Task directions:
Return every line from the records below in which the word "Resistant" is found.

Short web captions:
>>>

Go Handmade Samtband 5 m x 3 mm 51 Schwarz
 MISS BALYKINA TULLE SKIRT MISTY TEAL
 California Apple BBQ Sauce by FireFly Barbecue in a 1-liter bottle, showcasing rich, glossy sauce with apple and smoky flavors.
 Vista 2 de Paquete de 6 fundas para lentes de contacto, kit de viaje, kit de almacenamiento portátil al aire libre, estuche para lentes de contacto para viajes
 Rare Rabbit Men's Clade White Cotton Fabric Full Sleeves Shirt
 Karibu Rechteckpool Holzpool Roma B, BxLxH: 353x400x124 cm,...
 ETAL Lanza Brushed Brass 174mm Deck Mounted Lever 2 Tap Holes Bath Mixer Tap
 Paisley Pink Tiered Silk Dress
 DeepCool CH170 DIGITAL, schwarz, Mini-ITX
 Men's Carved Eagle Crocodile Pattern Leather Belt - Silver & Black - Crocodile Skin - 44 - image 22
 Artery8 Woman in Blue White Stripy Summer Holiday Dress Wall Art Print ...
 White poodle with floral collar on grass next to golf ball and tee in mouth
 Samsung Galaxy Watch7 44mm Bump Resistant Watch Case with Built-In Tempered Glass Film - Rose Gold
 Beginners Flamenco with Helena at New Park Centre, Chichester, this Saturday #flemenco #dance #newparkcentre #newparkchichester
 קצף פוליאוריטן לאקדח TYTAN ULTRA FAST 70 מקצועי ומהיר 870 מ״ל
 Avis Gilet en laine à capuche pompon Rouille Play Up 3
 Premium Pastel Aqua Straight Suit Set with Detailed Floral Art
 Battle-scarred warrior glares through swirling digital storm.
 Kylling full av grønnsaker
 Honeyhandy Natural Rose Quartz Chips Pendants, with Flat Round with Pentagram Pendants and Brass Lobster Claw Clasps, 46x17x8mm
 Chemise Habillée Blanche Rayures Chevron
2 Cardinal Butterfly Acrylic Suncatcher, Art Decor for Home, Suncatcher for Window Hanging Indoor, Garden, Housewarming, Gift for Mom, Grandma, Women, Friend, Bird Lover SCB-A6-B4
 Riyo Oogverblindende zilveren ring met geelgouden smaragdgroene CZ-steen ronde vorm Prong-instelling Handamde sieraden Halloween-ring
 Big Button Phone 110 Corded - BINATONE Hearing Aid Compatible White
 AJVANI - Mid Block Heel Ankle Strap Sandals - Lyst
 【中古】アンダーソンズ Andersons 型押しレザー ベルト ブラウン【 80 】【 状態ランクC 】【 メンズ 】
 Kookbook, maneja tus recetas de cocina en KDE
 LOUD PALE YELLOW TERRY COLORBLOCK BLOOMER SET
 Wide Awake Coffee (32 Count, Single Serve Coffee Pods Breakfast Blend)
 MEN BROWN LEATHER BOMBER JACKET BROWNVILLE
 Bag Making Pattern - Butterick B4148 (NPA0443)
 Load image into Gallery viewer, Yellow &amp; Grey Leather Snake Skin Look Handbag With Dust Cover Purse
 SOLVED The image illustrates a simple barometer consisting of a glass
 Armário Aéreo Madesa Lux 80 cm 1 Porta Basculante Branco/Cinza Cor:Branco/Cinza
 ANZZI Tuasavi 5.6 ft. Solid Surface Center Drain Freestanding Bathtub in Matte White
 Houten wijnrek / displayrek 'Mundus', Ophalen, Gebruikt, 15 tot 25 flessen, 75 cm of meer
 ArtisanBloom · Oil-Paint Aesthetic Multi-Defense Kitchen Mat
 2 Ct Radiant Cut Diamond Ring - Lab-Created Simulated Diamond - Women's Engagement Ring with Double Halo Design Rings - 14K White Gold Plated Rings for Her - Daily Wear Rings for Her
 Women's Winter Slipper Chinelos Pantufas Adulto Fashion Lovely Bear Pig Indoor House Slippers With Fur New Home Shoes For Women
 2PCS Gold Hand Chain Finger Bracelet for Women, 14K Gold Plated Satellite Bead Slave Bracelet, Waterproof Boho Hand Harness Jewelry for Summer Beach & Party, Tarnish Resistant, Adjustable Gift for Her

<<<

Your response:
 Samsung Galaxy Watch7 44mm Bump Resistant Watch Case with Built-In Tempered Glass Film - Rose Gold
 2PCS Gold Hand Chain Finger Bracelet for Women, 14K Gold Plated Satellite Bead Slave Bracelet, Waterproof Boho Hand Harness Jewelry for Summer Beach & Party, Tarnish Resistant, Adjustable Gift for Her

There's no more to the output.